Carrie Frederick Frost has an insightful essay at First Things (from which I took the above quotation) about Kristin and motherhood and faith. I will never be a mother, but I am a son and a father, and I appreciate Frost's summary of the insight that Kristin gains from motherhood:

“It is through reflection on her own experience of motherhood that Kristin is able to understand her parents’ love for her. After a decade of motherhood she considers the character of her parents’ love: That love had been strong and wide and unfathomably deep; while the love she gave them in return was weak and thoughtless and selfish, even back in childhood when her parents were her whole world. Kristin realizes that even though she loved her parents, her love for them did not approach the love they had for her, and that she now feels this same ‘strong and wide’ love for her own children. Through her maternal meditation, Kristin understands that she belongs to a lineage of love linking her children, herself, her parents, and all of humanity back to God‘s unfathomably deep, parental love."

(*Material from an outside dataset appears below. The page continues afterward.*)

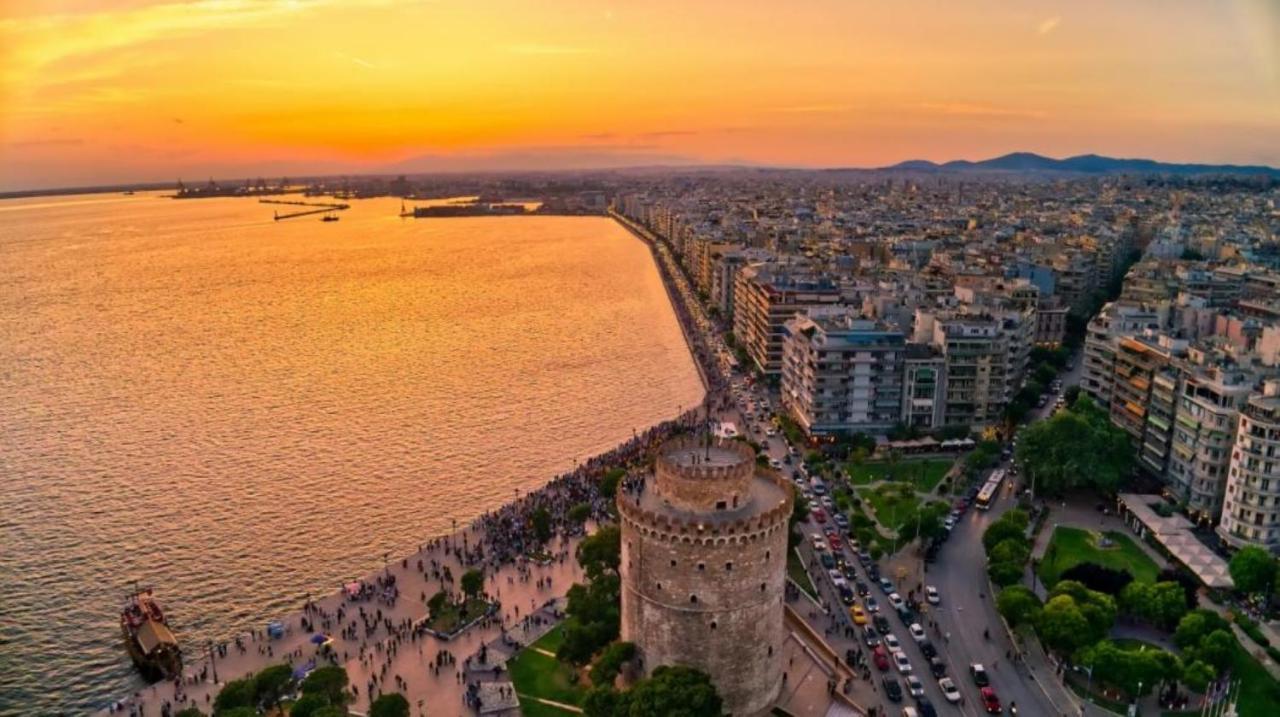 Porto Sea View Apartments Tesalonika Bagian luar foto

Kristin Lavransdatter is not just about motherhood, though: like other great epic novels (e.g.War and Peace or Island of the World) it is about all of life: marriage, adultery, hatred, war, forgiveness, and the grace of God. I love this novel. ★★★★★

Creativity, Inc.: Overcoming the Unseen Forces That Stand in the Way of True Inspiration, by Ed Catmull and Amy Wallace

I had an insight last year: my job (or at least the most public aspect of it) is essentially creative. Every single Sunday, 47 weeks a year, I am personally and alone responsible for a 30 minute presentation that is supposed to faithfully convey Christian doctrine, bring the Bible to life, appeal to outsiders and skeptics, nourish the faithful, and, if possible, be both humorous and poignant. And then do it again in 7 days. How is it possible to make that kind of creativity and excellence routine? Ed Catmull is a computer genius in his own right, but he is also a business genius, and as a co-founder and president of Pixar he has been obsessed with creating a culture of creativity since 1986. Creativity Inc. is Mr. Catmull's attempt to put what he has learned down on paper. The result is a business book unlike most business books, and I found myself underlining sentence after sentence as I read. ★★★★

The Hunger Games, by Suzanne Collins

The Hunger Games, Suzanne Collins's dystopian young adult novel, surprised me: it was much better than I expected it to be, and I still find myself thinking about it frequently, months later. The basic story line--how a ruthless elite amuses themselves to death while exploiting the general population in order to maintain their wealth and comfort--strikes me as chillingly similar to life in modern America: we live in The Capital. I think Katniss Everdeen is a totally believable heroine, and I am impressed with Ms. Collins's creativity and vision. ★★★


My 2016 Reading Goal

Once again, I've set myself a goal of reading 50 books this year. What about you--do you have a reading goal for the year? [Here are my 2013 and 2014 reading lists, respectively.]